Top of PROVIDED RECORDS
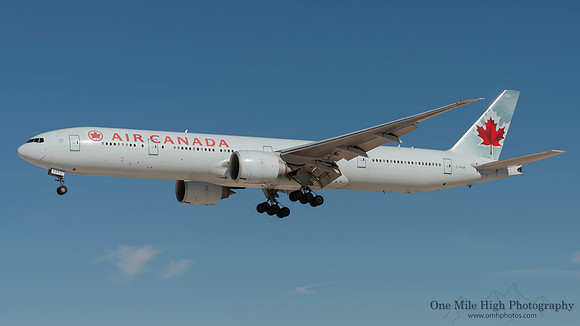 Boeing 777-333(ER) (C-FIUR)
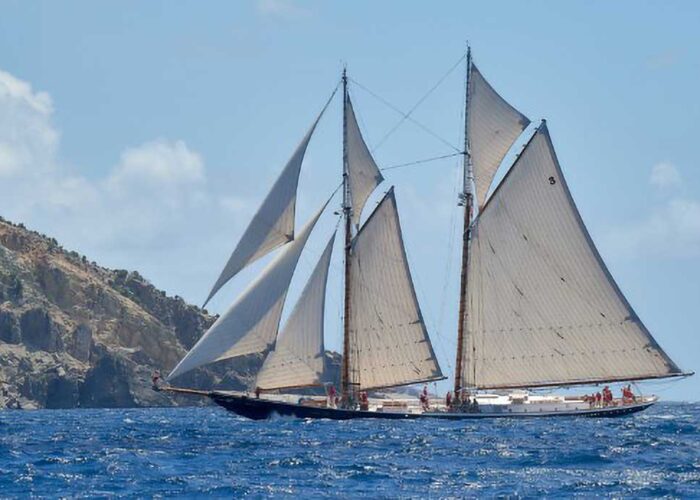 Columbia Classic Yacht For Sale Under Sail
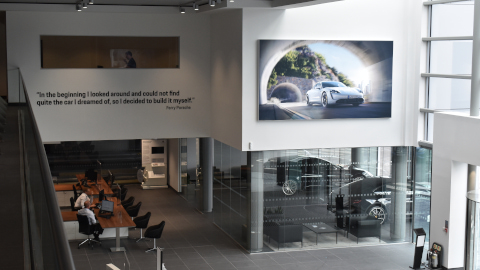 Stratstone Porsche Centre Stockport Interior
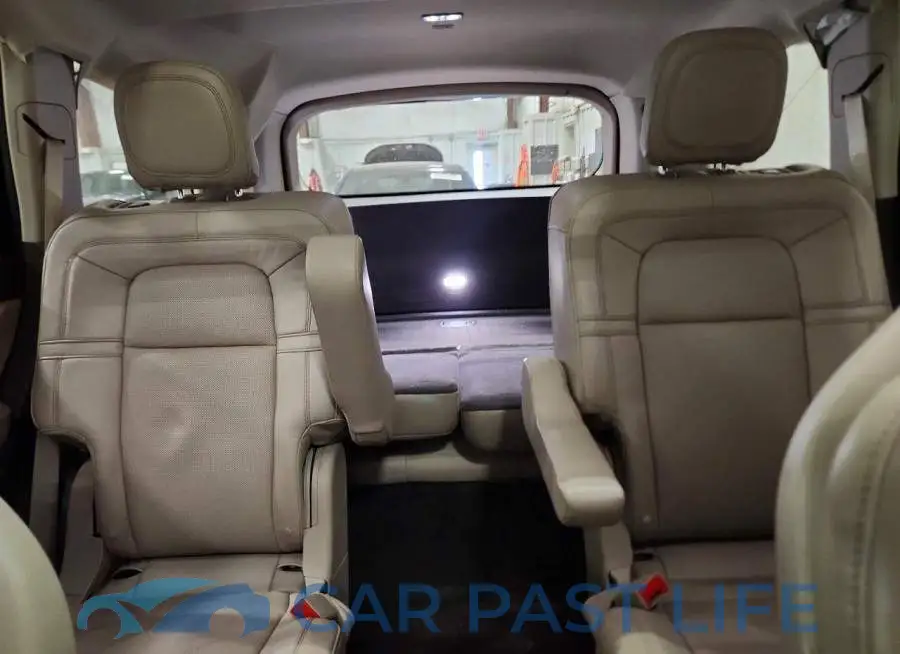 5LM5J7XC7LGL05074# 10
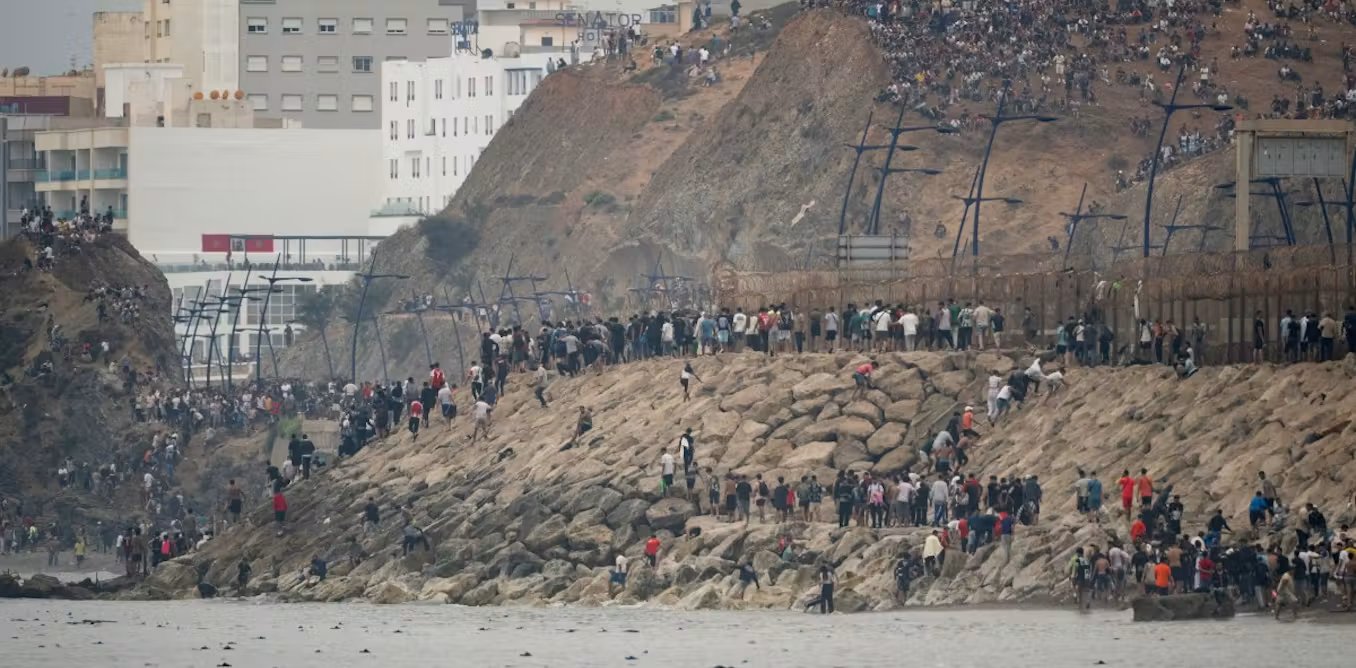 Comment la crise à la frontière de Ceuta a immédiatement servi les intérêts de l’extrême droite espagnole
Bottom of PROVIDED RECORDS
EXERCISE: Transcribe the lines above exactly, setting aside any picture among them.

TASK ANSWER:
 Boeing 777-333(ER) (C-FIUR)
 Columbia Classic Yacht For Sale Under Sail
 Stratstone Porsche Centre Stockport Interior
 5LM5J7XC7LGL05074# 10
 Comment la crise à la frontière de Ceuta a immédiatement servi les intérêts de l’extrême droite espagnole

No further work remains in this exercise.